Molecular insight into sequence-defined polyelectrolytes for energy storage devices

Abstract

Polyelectrolyte (PE) adsorption on charged surfaces is a complex phenomenon that has an array of applications ranging from healthcare to designing energy storage devices. PE adsorption on surfaces involves surface charge polarization effects which arise due to the dielectric dissimilarities between the PE and the charged surface. PEs owing to their high potential window, and leakage-resistant behavior are used as supercapacitor electrolytes. Recent experimental evidence suggests co-block polymers as potential design materials for energy storage devices (ESDs). It is imperative to mention that the structural variation of the co-block polymers under spatial confinements will have a key role in designing electrodes and electrolytes for ESDs which demands a detailed investigation. This study reveals that the spatial orientations of the charged groups have an impressive impact on the changes in PE charge density peaks, charge amplification peaks, PE adsorption, counter-ion adsorption, and differential and integral capacitance while confined by graphene electrodes. It is startling to observe that the counter-ion distribution within the electrical double layer of the positively charged surface significantly depends on the orientation of the PEs.

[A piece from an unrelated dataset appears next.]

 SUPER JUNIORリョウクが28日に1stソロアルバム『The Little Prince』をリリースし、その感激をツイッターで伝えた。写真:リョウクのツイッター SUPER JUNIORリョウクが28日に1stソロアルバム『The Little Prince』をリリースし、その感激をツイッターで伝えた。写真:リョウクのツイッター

However, with increasing solvent dielectric constant the variations in the above-mentioned properties subside due to reduced electrostatic interactions. The differential capacitance and the integral capacitance are also found to be dependent on the dielectric constants of the solvent. These findings will be immensely useful in determining the key factors needed to describe the preferred spatial configuration of a PE suitable for various ESDs and applications involving PEs in a confined system.